Huffman coding only performance figures
File Size(B) Compressed Size(B) Compression ratio Space savings Compression time(ms) Decompression time(ms)
alice29.txt 152089 87782 1.73 42.3% 22 16
asyoulik.txt 125179 75892 1.65 39.4% 22 19
cp.html 24603 16307 1.51 33.7% 8 9
fields.c 11150 7140 1.56 36.0% 11 9
grammar.lsp 3721 2266 1.64 39.1% 5 5
kennedy.xls 1029744 462853 2.22 55.1% 36 35
lcet10.txt 426754 250670 1.70 41.3% 29 24
plrabn12.txt 481861 275687 1.75 42.8% 34 26
ptt5 513216 106751 4.81 79.2% 25 20
sum 38240 25965 1.47 32.1% 13 10
xargs.1 4227 2695 1.57 36.2% 5 4
LZ77+Huffman coding performance figures
File Size(B) Compressed Size(B) Compression ratio Space savings Compression time(ms) Decompression time(ms)

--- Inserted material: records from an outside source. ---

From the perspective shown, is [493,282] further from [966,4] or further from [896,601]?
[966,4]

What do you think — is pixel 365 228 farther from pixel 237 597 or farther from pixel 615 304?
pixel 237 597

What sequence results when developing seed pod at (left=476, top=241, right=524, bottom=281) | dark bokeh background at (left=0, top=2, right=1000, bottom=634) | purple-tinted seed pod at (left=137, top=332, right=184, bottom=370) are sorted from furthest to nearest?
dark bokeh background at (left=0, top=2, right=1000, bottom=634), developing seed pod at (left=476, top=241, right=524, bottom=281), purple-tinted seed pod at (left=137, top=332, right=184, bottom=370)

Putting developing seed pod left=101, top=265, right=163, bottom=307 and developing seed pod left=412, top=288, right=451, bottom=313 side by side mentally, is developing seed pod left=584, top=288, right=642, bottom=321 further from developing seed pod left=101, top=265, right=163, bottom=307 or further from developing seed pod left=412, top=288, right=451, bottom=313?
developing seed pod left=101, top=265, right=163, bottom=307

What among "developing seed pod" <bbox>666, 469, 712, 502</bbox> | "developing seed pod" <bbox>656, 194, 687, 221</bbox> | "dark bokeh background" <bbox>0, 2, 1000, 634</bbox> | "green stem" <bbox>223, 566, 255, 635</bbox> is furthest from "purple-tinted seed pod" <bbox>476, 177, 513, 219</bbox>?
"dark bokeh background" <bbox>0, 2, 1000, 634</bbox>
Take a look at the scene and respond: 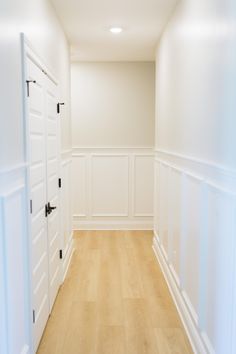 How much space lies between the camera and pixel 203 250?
2279 millimetres

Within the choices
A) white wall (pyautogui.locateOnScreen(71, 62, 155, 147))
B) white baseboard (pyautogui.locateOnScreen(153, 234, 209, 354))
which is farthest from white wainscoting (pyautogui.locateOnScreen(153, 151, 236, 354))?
white wall (pyautogui.locateOnScreen(71, 62, 155, 147))

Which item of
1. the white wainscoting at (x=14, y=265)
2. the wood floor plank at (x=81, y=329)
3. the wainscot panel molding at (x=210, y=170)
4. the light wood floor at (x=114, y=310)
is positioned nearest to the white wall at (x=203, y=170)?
the wainscot panel molding at (x=210, y=170)

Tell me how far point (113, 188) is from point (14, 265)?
159 inches

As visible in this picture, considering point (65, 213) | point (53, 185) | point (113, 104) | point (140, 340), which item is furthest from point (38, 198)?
point (113, 104)

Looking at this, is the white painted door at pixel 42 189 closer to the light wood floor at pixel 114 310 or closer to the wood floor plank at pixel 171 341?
the light wood floor at pixel 114 310

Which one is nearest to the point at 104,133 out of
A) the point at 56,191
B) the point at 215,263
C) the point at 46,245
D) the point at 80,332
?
the point at 56,191

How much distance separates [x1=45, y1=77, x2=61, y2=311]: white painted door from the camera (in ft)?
9.90

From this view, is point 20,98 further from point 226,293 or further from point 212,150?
point 226,293

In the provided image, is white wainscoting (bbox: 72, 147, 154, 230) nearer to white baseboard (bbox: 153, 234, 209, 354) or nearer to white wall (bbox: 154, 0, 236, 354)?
white baseboard (bbox: 153, 234, 209, 354)

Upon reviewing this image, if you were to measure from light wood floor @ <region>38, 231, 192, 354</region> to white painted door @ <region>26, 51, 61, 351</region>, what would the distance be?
17cm

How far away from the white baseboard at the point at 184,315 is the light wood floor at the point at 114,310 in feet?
0.18

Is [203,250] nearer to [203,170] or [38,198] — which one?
[203,170]

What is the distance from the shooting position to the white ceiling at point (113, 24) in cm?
332

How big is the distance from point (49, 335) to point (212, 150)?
1743mm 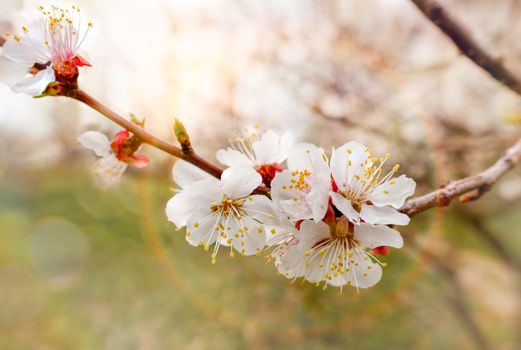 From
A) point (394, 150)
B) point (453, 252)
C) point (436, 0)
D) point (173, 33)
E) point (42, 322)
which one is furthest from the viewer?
point (42, 322)

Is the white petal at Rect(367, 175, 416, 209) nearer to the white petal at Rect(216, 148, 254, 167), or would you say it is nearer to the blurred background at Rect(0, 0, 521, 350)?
the white petal at Rect(216, 148, 254, 167)

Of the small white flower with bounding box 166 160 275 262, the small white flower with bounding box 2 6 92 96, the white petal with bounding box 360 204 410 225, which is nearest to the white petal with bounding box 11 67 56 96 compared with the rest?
the small white flower with bounding box 2 6 92 96

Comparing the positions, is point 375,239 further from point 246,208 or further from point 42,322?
point 42,322

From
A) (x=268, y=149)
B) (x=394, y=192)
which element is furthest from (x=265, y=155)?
(x=394, y=192)

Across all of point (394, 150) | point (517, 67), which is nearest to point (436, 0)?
point (394, 150)

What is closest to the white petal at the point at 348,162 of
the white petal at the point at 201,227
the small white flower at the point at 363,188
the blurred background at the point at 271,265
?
the small white flower at the point at 363,188

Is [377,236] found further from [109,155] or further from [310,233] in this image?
[109,155]

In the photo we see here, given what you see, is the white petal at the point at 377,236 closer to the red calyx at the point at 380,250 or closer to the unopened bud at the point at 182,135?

alice29.txt 152089 75566 2.01 50.3% 59 32
asyoulik.txt 125179 67665 1.85 45.9% 52 29
cp.html 24603 12745 1.93 48.2% 20 13
fields.c 11150 5328 2.09 52.2% 13 9
grammar.lsp 3721 2276 1.63 38.8% 8 6
kennedy.xls 1029744 269631 3.82 73.8% 152 49
lcet10.txt 426754 203692 2.10 52.2% 106 52
plrabn12.txt 481861 268093 1.80 44.4% 152 57
ptt5 513216 93629 5.48 81.8% 183 40
sum 38240 18159 2.11 52.5% 36 14
xargs.1 4227 2794 1.51 33.9% 8 7

As can be seen from the results, LZ77+Huffman is a better choice if the longer compression-time running time is not an issue. All files except grammar.lsp and xargs.1 were compressed more efficiently and in both these cases the difference in file size was under 4%. Most of the files compressed with LZ77+Huffman showed significant space savings compared to Huffman only compression. Decompression times are "fast enough" in both cases, so this should not be an issue.